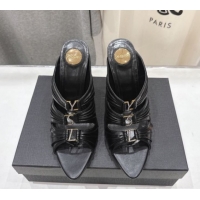 Popular Style Saint Laurent Emilie Heel Slides Sandal 10cm in Oil Leather Black 2026 SL022401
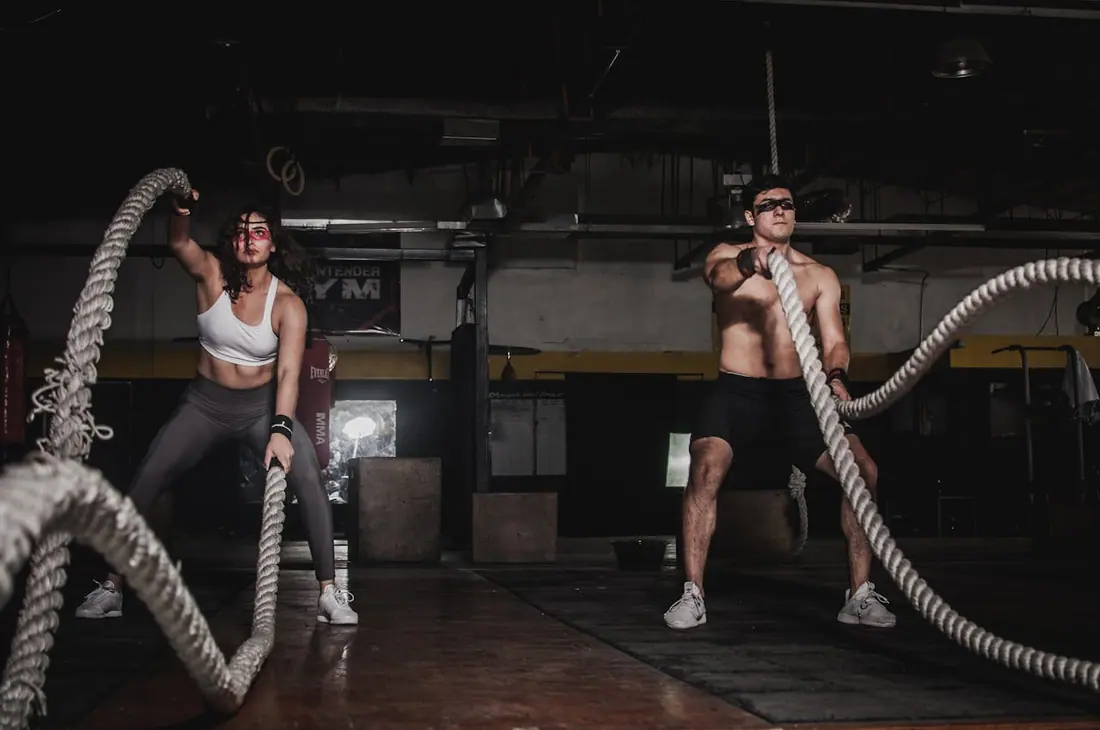 two people focused on rope excercise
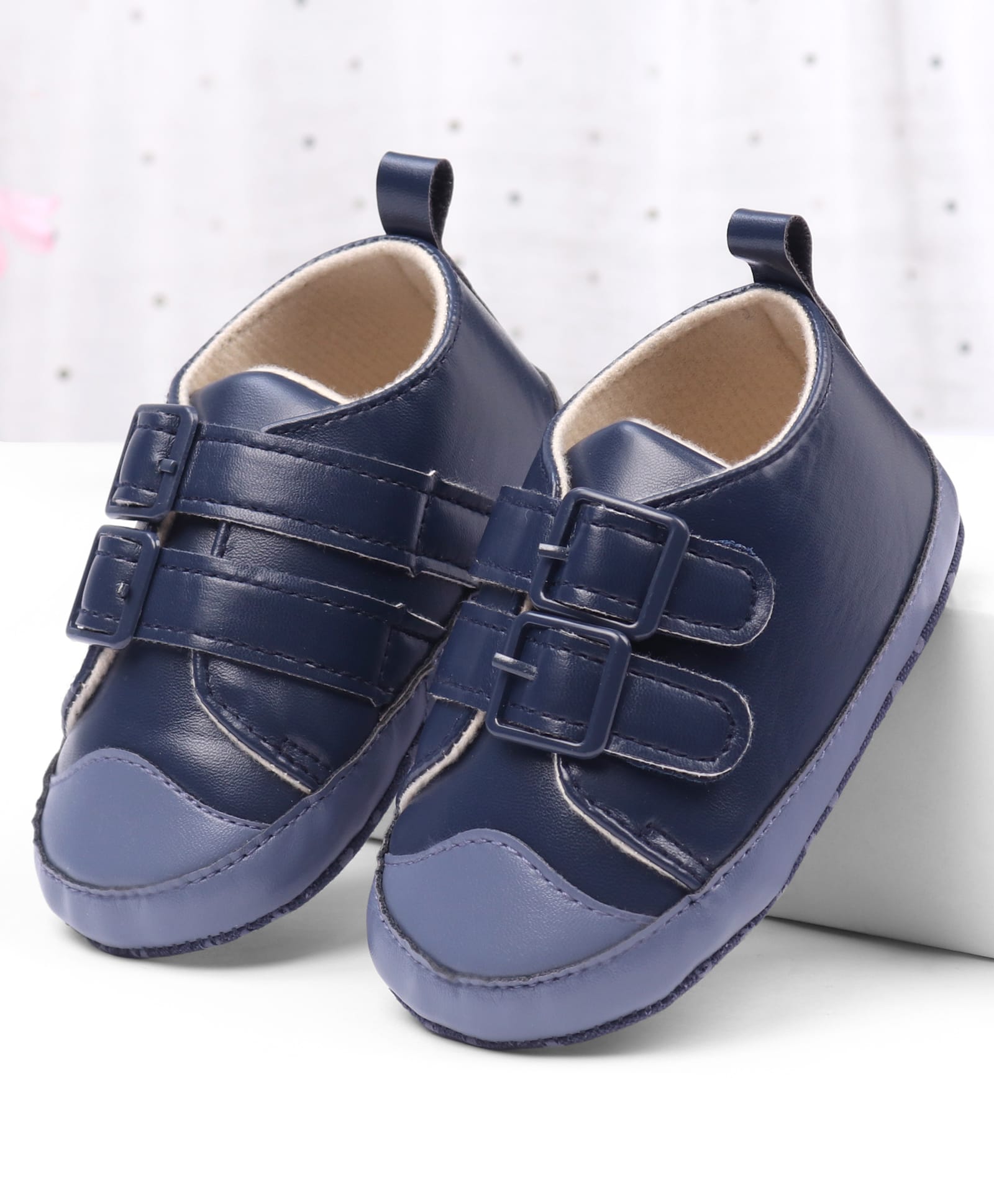 Cute Walk by Babyhug Velcro Closure Solid Colour Booties -Navy Blue-image-23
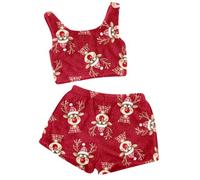 Generisch Set pigiama natalizio da donna casual in due pezzi tinta unita canotta pantaloncini comodi abbigliamento domestico per notti rilassanti, Colore: rosso, M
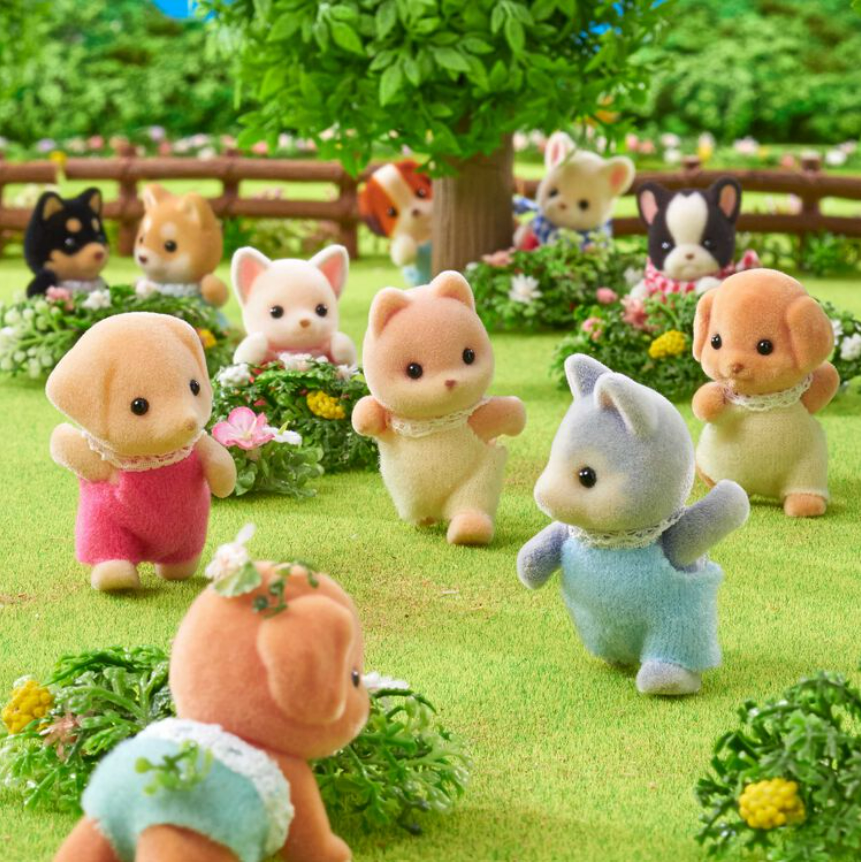 Sylvanian Families Husky Sister Baby Doll House Accessories Miniature Toys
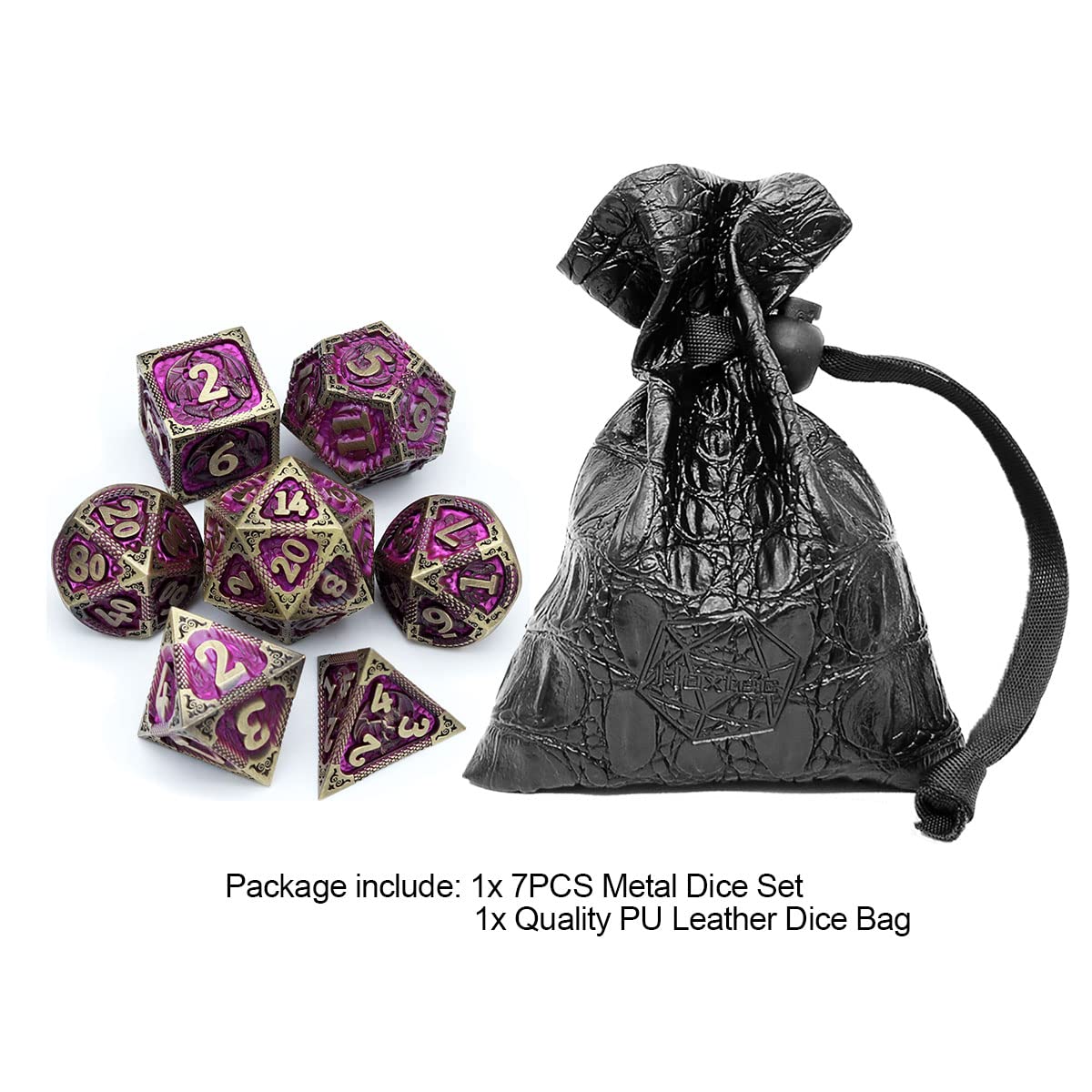 Haxtec Metal Dice Set Purple Black Dragon Pattern Metal DND Dice with Leather Dice Bag Polyhedral D&D Dice for Dungeons and Drag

※ ※ ※

No pictures go in the copy. Retype exactly the lines from the one with "Generisch Set pigiama" through the last line of the entries above, both included, and nothing more.

_Answer below_.
 Generisch Set pigiama natalizio da donna casual in due pezzi tinta unita canotta pantaloncini comodi abbigliamento domestico per notti rilassanti, Colore: rosso, M
 Sylvanian Families Husky Sister Baby Doll House Accessories Miniature Toys
 Haxtec Metal Dice Set Purple Black Dragon Pattern Metal DND Dice with Leather Dice Bag Polyhedral D&D Dice for Dungeons and Drag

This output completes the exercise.